Meanwhile, the Democratic candidate, Doug Jones, is a former US attorney best known for prosecuting two former Ku Klux Klan members for their role in bombing a church 35 years earlier. That could help mobilize the Democratic base angered by the events of the last week.

In a low-turnout election (and given that this will be held in mid-December, it’s likely to have a low turnout), it will matter if African-American voters go the poll in large numbers to vote for the Democrat, as a means of reacting to Trump’s comments bolstering white supremacists. Granted, by December the way Trump responded to the Charlottesville protests might have faded from view.

What does this have to do with impeachment? It’s the only Senate race this year and thus the only chance the Democrats will have to pick off a seat this year. To tip the balance of power in the Senate, they must flip three seats currently in Republican hands. That means they’ll need the win the Alabama seat this year. Then next year, Democratic challengers will need to defeat Republican incumbents Nevada and Arizona — the only states where they’ll have a fighting chance.

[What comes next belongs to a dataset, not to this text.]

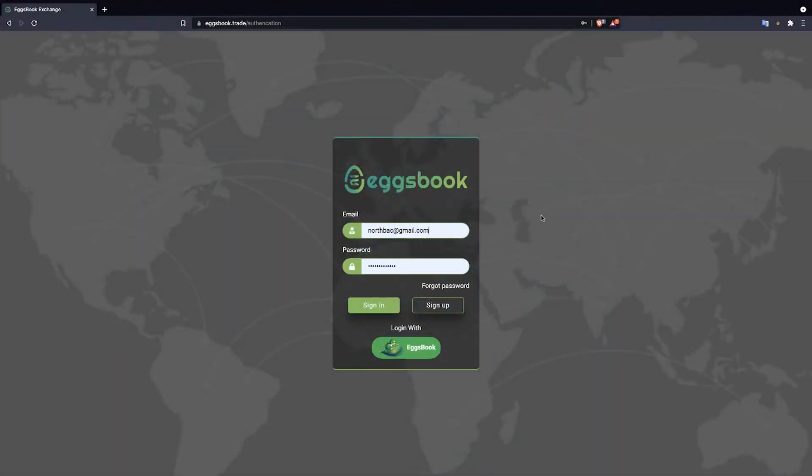Hello everyone who came to BO Eggsbook. Today, I made this video to teach everyone how to participate in top trading to celebrate their birthday this September.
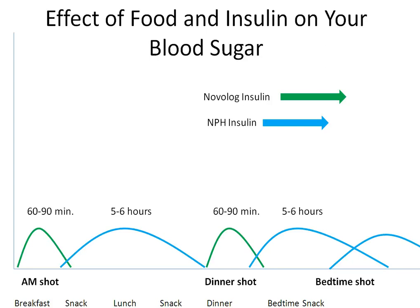How does insulin in food affect your blood sugar? You are taking two types of insulin: Novolog insulin, shown in green, and NPH insulin, shown in blue. Novolog is a fast-acting insulin that starts to work in 10 to 15 minutes after taking it and peaks within 60 to 90 minutes, meaning it is most effective at lowering blood sugar during that period. Novolog wears off within two to four hours, though this may vary from person to person.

Impeachment of a president is a two-step process. First, the US House must vote to impeach a president. Right now, all signs point towards the Democrats regaining a majority in the House. Second, the US Senate must vote to remove the president. A simple majority is all that is required for both votes to succeed, so a win in Alabama is a critical first step.

It is not often that the nation closely follows an election in Alabama. But given the circumstances — and the stakes — it is hard to imagine that this one won’t be fascinating to watch this fall.